Он смотрел на Воронова. Ира тоже посмотрела.
— Хорошо, хоть вы с ней поболтали, — сказала она. — Отцу, вон, болтать некогда.
— Вам нужно обязательно показать ее специалистам. Привозите ее к нам в институт. Хотя лучше в Красноярск или Москву..
— Мы ее до нашей школы довезти не можем, дорогой вы наш Юрий Александрович! О чем речь! Ребенка убьют когда-нибудь на этом чертовом пустыре!
Ира опять завелась. Страх за дочь плавно перетек у нее в привычное чувство раздражения. И в привычное чувство неловкости — у Воронова.
— Погоди, Ира…
— Ну что погоди? Кузьмин, вон, твой — детей на джипе с телевизором катает! Шагу ступить не дает, трясется! Знает ведь, что в городе творится, каждый день на трупы смотрит! А тебе все трын-трава!
— Да брось! На мою зарплату джип не купишь! — пытался отшутиться Воронов. — Разве что «ниву»…
— А на Кузьмина зарплату? А на Вильчинского? — остановить Иру было не так-то легко. — Но они же как-то стараются! Понимают, что надо, — вот и стараются! И в выходные они дома, с детьми, а не на работе!
— Мама, ну не начинай только опять! — выкрикнула из своей комнаты Ульяна. — Я заработаю сто тысяч, папа купит самую лучшую машину в мире!
Все как-то враз замолчали.
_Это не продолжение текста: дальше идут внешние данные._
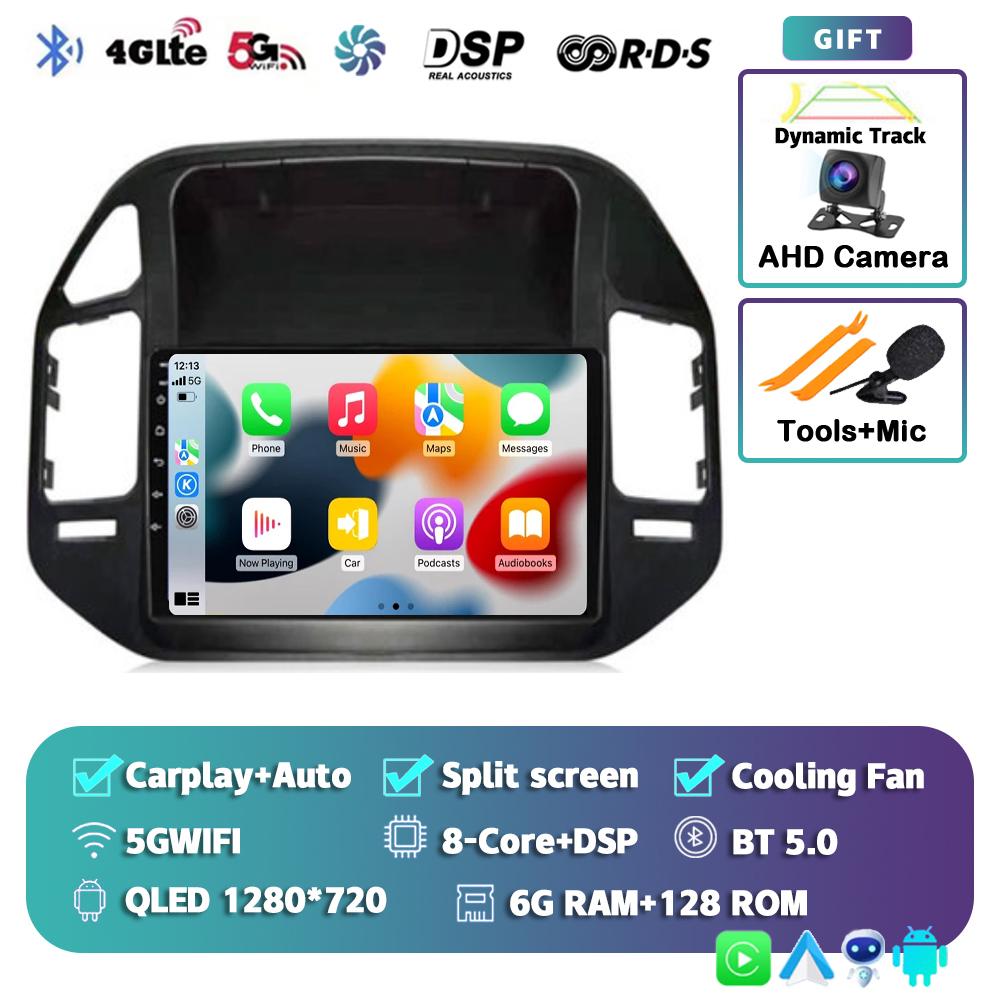 Android 14 Carplay Auto Car Radio For Mitsubishi Pajero 3 V70 V60 1999-2006 Multimedia Video Player Navigation GPS Stereo 2din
Юрий Александрович смущенно кашлянул, посмотрел в окно и встал из-за стола.
— Извините, я пойду. Поздно уже. Очень было приятно познакомиться.
— Посидите еще! Куда же вы! — засуетилась, разулыбалась Ира. Ей явно было приятно иметь перед глазами живой укор для своего супруга.
— Нет, пора.
Он прошел в прихожую, обулся. Неожиданно старомодным жестом поклонился Ирине, пожал ей руку. И Воронову тоже пожал.
— Вы подумайте все-таки еще раз обо всем этом, — сказал он на прощанье. — И берегите вашу кроху.
Когда за гостем закрылась дверь, Ира прошла к столу и со злостью стала швырять посуду в пластмассовый тазик.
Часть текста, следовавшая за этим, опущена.